The second chapter of Genesis God gave Adam every tree that was pleasing to the eye and good for food (Gen 2:9). However, God commanded Adam to not eat of the tree in the middle of the garden, the tree of the knowledge of good and evil, for in the day that he eats of this tree he will surely die (Gen 2:17). Adam, of course, does eat (Gen 3:6), but He goes on living to the ripe old age of 930 (Gen 5:5). But God could not have been wrong though Adam lived on. Something died to be sure, but the question that demands an answer is what died. This question is generally given the answer that it is a "spiritual death" that took place, though ultimately a physical one followed. This is true enough, but it is quick answer with little elaboration for such an important question. Without jumping too far down the "rabbit whole," I want to explore this "spiritual life" that passed away.
To have life in the garden was to live in paradise. This is true more so because of the fellowship that God had with His creation in that time before the fall than the notions of what the garden in Eden might have been like actually. All creation, man, beast and the plants existed with no barrier between them and God and between each other. This merry state of things was wrecked by the "fall," and since then "...the whole creation has been groaning as in the pains of child birth right up to the present time (Rom 8:22). Man's existence was one of perfect communion and harmony with creation - the dream of every hippie worth their dreadlocks - as well as a perfect communion and harmony with the creator. Man enjoyed God to the fullest extent that his humanity allowed, and God delighted in man. This was life and life abundantly as God had designed it and pronounced it good.
It must be noted that man, first and foremost, is a spirit. Now this is where the rabbit whole can get impossibly deep. Suffice it to say the spirit is that part of us that wills, dreams, imagines, creates and has the capacity to perceive other spirits, in those around us and ultimately in God. The Hebrew word for breath, as in when God breathed the "breath" of life into man and he became a living being, is synonymous with spirit. It is a gift from God and separates us from the rest of creation. It is also part of the imago dei, that part of us that makes us, as Tozer says, "in little (our sins excepted) what God is in large." As such, as Tozer also points out, our hearts cannot find rest until they find rest in God. Our spirit is most fully alive when in perfect fellowship with the divine, and from the divine alone is the spirit given life.

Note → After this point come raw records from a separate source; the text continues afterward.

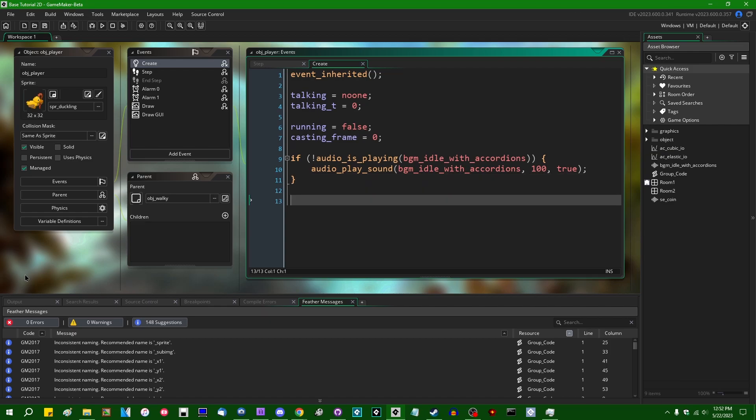Today we're going to talk about another set of debugging features that GameMaker has added recently. This actually appeared a few months ago, but I didn't get around to talking about it until now.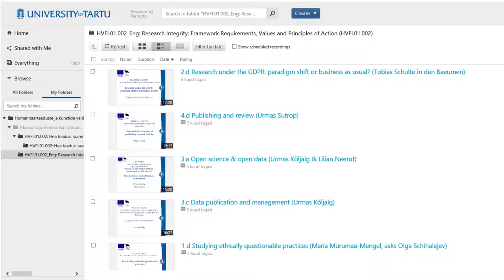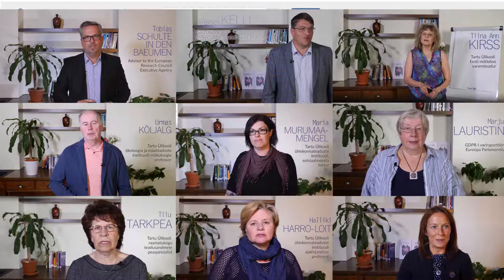In order to prevent ethical issues from turning into a nightmare, we have compiled a series of video lectures that give doctoral students an overview of ethical dilemmas and of the regulations that they might encounter during their research.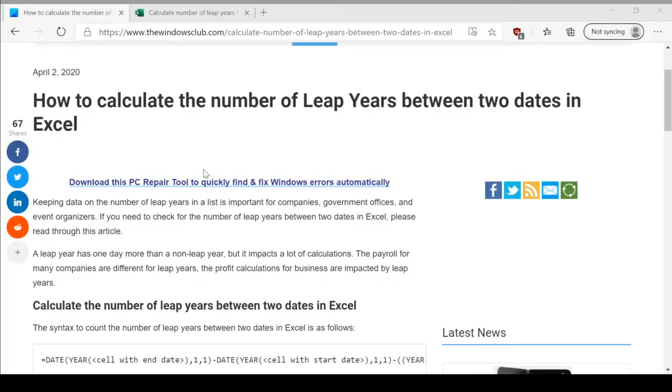Welcome to the Windows Club. We are here with a video on calculating the number of leap years between two dates in Excel.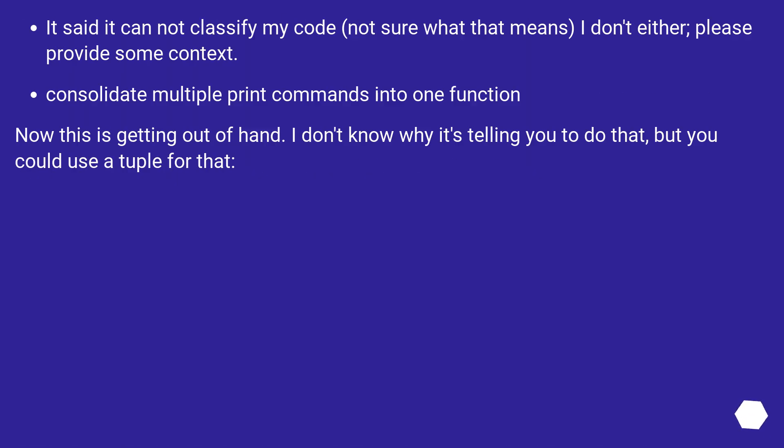It said it cannot classify my code, not sure what that means. I don't either. Please provide some context.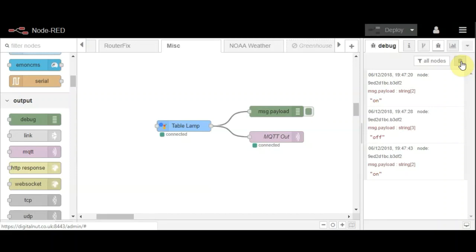Okay Google, turn all lights off. Alright, turning three lights off.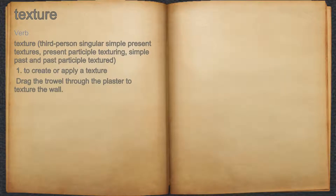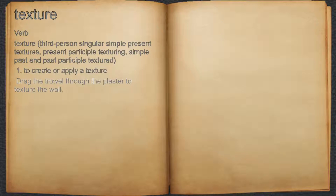Texture. Verb. One: to create or apply a texture. For example: drag the trowel through the plaster to texture the wall.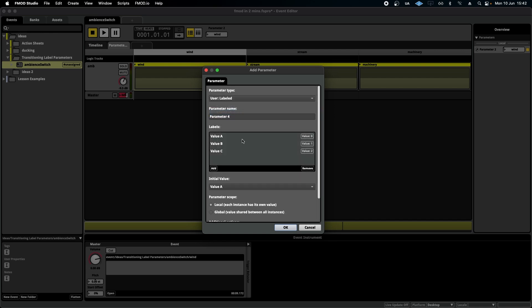Labeled, as it sounds, allows us to label values, which is very useful. I can add as many as I want, and I can double-click and rename them to whatever I see fit.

In the Garden man's spirit and flesh were united, there was no war between them as Paul speaks of in his epistles. And they, together, could enjoy fully God and His presence. The rebellion at the tree threw the proverbial wrench into the clockworks. What died in the garden was the wondrous life that man was created for and was created to enjoy with God. It wasn't simply the death of some intangible, metaphysical essence that lies shriveled and decayed within us - whatever that means - until Christ quickens us. For the spirit persists, still dreams, still imagines, creates, wills and so on. But it is the slave of sin and death, and this dead-life is one of emptiness, futility, vanity and things that do not satisfy. One need only a brief glance across the landscape of our world at spirits that are dead to see what this looks like. Some might even recall that reality for themselves.
So God, of course, was absolutely right and, as is always the case, His words truer than we can imagine. The reality of this "spiritual death" is far greater than that of physical death as man is a spirit with a body, not the other way around. It is a death most grievous to God and most devastating to man.
How wondrously and inexpressibly magnificent is it, then, that God lovingly sent his son to redeem this "stiff necked people" people and restore to them, in His words, "life and life abundantly." But what does that look like? And, though we have access to it through the cross of Christ, how do we take possession of it?